Saturday, October 6, 2012

Light at the End of the Tunnel

When I look back on the days of my life, I want to remember struggles and successes.

I want to remember trials and triumphs.

I want to remember challenges and victories.

I want to remember dissonance and resolution.

That being said, I am possibly starting another graduate certification in January and, as of now, it is not fully determined when I will complete the program.  It is outlined when I will complete the course work, but the practicum hours are still unclear.  Some of my colleagues, others in my field, have started programs and not finished -- pressed pause in the middle because of scheduling or financial factors -- and then picked up at a later date.  I cannot do that.  I refuse to start a program without an ending in sight.  It is just not my nature to begin something as big as a graduate certification without an end point in mind, and an outline of how I'm going to get there.

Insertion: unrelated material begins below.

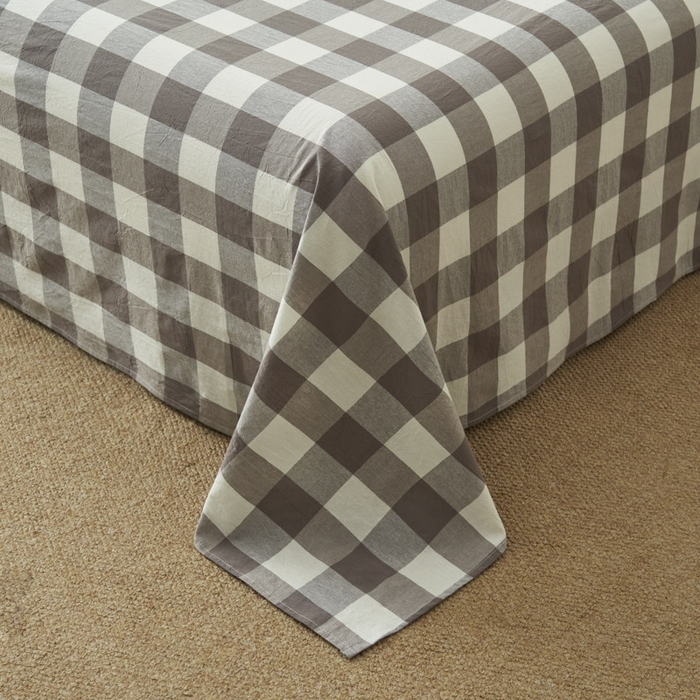 91家纺网 家纺一手货源 找家纺 早晨家纺 2025新款色织纯棉水洗棉床单 灰中格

I want a light at the end of the tunnel, so I can focus on the light when I'm in the trenches.

The problem is, when the struggles, trials, challenges, and dissonance of life arrive, there is no end point in mind, and no light at the end of the tunnel.  When I find myself in the challenges of life -- the struggles, I want to come through and the trials I know will lead to a beautiful life, a stronger faith and a strength of character, there is no plan for when the challenge will be completed.

How do you say, "It will be okay," when you cannot see the light at the end of the tunnel?
More than that, how do you believe, "It will be okay," when you cannot see the light at the end of the tunnel?